Mi Bisi compraba El Universal todos los días para que yo coleccionara los fascículos de lo que sacaran y me sirvieran para estudiar. Él, que sólo estudió hasta tercero de primaria porque le tocó trabajar desde niño, era un hombre brillante para las matemáticas, tenía una excelente caligrafía y ortografía, un sentido del humor exquisito y un inglés propio, porque me enseñó que, cuando él me preguntara: “¿entendés?” yo debía contestar siempre: “Yes Sr”.
Moralito vivió 76 años, y le rindieron. Se casó a los 20, fue papá a los 21, abuelo a los 40 y bisabuelo a los 58, soñaba con conocer el tataranieto que le diera su bisnieto mayor, con llevarnos a Medellín (tierra que amaba), con que yo le escribiera un libro y todos los días se despertaba con ánimo de trabajar, al punto de disgustarse cuando había festivos.
Ganó el Nobel del Chatarrero, el premio al Esposo Fiel y el reconocimiento al Buen bebedor. Sí. En su oficina, en su Taller de Mecánica colgaban esos tres diplomas con su nombre y foto. No sé donde se los dieron ni quién lo certificaba, pero más de uno creía que eran reales. Así era él. Mamador de gallo, imitador de voces, se disfrazaba en noviembre, le gustaba decir que era cura (sacerdote), que le dijeran que se parecía a Benedicto XVI y hacerle juegos a la gente, algunos pesados (como echarse vientos y culpar a otro).
A su lado vi cientos de veces “Nosotros los pobres”, “Ustedes los ricos” y “Pepe el Toro” de Pedro Infante, y toda la programación posible de películas mexicanas de la era de oro del cine.

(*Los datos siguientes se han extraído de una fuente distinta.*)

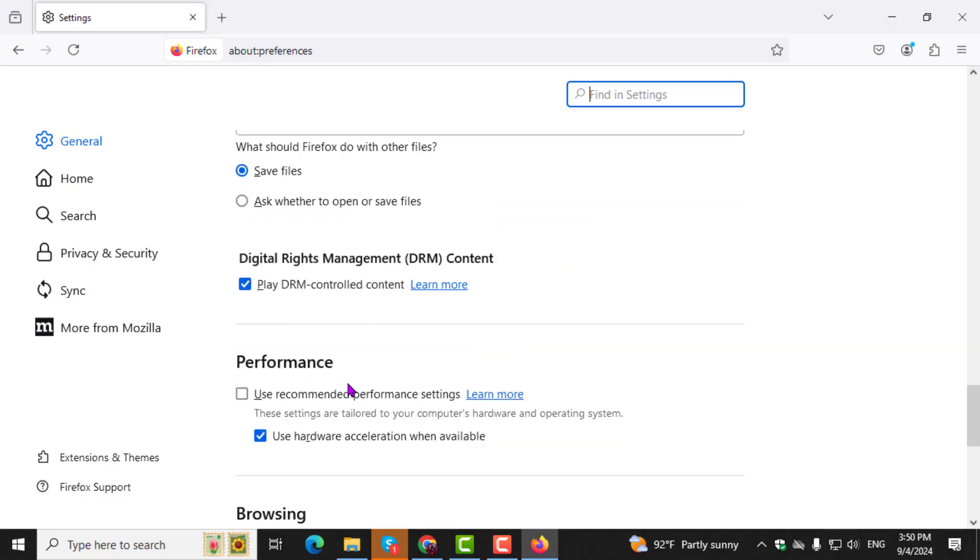Step 4: In the Performance section, first make sure the Use Recommended Performance Settings checkbox is unchecked. This will allow you to see additional options.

También veíamos Quiere Cacao, “Pacheco dame la A” y celebrábamos con una chocada de manos especial cuando acertábamos. Escuchábamos a Alejo Durán, cantábamos la canción de los Perros pipones (una que él se inventó), le daba “leche paterna” a mis muñecas, les sacaba los gases, les ponía inyecciones y me llevaba al colegio.

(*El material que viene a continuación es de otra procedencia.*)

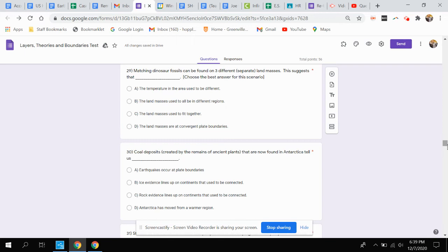A, the temperature in the area used to be different. B, the land masses used to be in different regions. C, the land masses used to fit together. Or D, the land masses are at convergent plate boundaries.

Mi viejo me decía que todo era mío. Siempre le creí y me sentía dueña de todas las potestades, pero cuando jugábamos Tío Rico Mc Pato yo lo dejaba ganar, porque ¿quién podía contradecirle a Moralito?
Siempre de gorra y lentes, y los últimos años, bastón, ese gordito de cabeza blanca se caminaba Colombia completa sin descanso. En serio, se la caminaba y no se le arrugaba a nada ni a nadie.
Sus últimos 18 meses de vida estuvo mal de salud. A él, que no le daba ni gripa, ni tenía padecimientos propios de la edad como diabetes o cardiovasculares, el cigarrillo (que había dejado 25 años atrás) le pasó factura con cáncer de lengua, y como consecuencia le cortaron unos milímetros de lengua condenándolo de por vida a no masticar y a tener dificultad para hablar. Mi mamá decía, jocosamente, que en vez de cortársela se la afilaron, porque las palabrotas sí le salían claras.
Como si supiera que su fin estaba cerca, ese mismo año me gradué de Comunicadora Social y nació mi hijo. Como si tuviera que apresurarme a cumplirle, le di esas satisfacciones. El día de mi grado era él quien llevaba ese diploma bajo el brazo, con un orgullo que lo hacía levitar. Conoció a mi hijo y conservo una foto donde lo tiene cargado. Me visitaba cada rato en mi nuevo hogar, y nunca llegaba con las manos vacías, me llevaba cocaditas de ajonjolí y conservitas de leche, para ayudarme con la lactancia, pero sobretodo, me llevaba su abrazo.
Y no quiero extenderme más, aún no sé por dónde comenzar mi libro, pero estoy más cerca luego de dar este paso. Aunque no pueda leerlo, me enseñó que la palabra dada es un documento y, más allá de cumplir su voluntad, por la descendencia que no tuvo la fortuna de conocerlo, tengo el deber de inmortalizar las aventuras del gran Moralito, mi querido viejo.